Monograph Essay for Tender is the Light, David Julian Leonard (Kehrer, 2016)

Swell title, “Tender is the Light”.  It is maybe a little arch, but tenderness in photography (and life) is special enough to merit attention.

These color photographic works by David Julian Leonard are sweetly sublime.  Avoiding rhetorical Southernisms is tricky but these are like real homemade lemonade, more sharp than sweet.  

These pictures aren’t hectic.  They offer the possibility of escape.  Release is at hand.  

For this photographer who is also also a long time filmmaker and cinematographer, there is no soundtrack.  It is all image.  It is quiet here although you might sense someone out of frame quietly humming "I Got Plenty O’ Nuttin’”.

I don’t much like the book’s cover.  No offense, but little girls in crinoline party dresses?  Bleah!  For me it’s “No Girls Allowed!” in this clubhouse, like Tubby keeping out Little Lulu, or Charlie Brown with Lucy.   Jesus, maybe it’s supposed to be funny.

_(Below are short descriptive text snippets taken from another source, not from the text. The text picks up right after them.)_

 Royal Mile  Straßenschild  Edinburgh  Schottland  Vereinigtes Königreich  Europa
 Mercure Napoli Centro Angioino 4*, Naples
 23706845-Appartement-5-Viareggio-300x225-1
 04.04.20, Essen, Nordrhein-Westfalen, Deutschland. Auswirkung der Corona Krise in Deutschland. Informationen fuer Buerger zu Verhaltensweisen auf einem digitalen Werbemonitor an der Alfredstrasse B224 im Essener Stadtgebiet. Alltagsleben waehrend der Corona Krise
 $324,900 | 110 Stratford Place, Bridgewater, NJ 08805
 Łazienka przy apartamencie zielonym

But think birthday party or Valentine’s Day.  Mr. Leonard’s partner is a French lady named Valentine, and everything is dedicated to her.  If you ground up those tiny pastel colored “Be My Valentine” heart shaped ❤ candies and added a little water, you would get a simple color wash with the tint of pink or blue or green.  That’s what you see here on paper.   It’s subtle, and it’s special.

Proceeding through the book, we quickly get to the boy on the train, looking out the window.  We know him.  He is more than familiar.  He is us.  With our collective noses pressed up against the glass, looking out as the train moves on and life races past, we have been here.  We are here, forever on our way to New Orleans.

Welcome.  It is so swell here.  The air moves lightly; it doesn’t rain.  There are puppies (a great one, a Scottish dog in Sienna) and kitties (Stephen Shore has a cat?) and even bunnies.  At some state fair, the artist hunkers down in the midst of a warren of rabbits, with the bunch of bunnies distractedly looking around.  

It is heavenly.

Here is many places.   Mr. Leonard is the existential traveler.  We get Memphis (his home), Arles  (his soon to be home), China,  Brooklyn, Ireland, Italy, New Orleans.  Like that.  He’s “got plenty o’ plenty, hebben the whole day long”.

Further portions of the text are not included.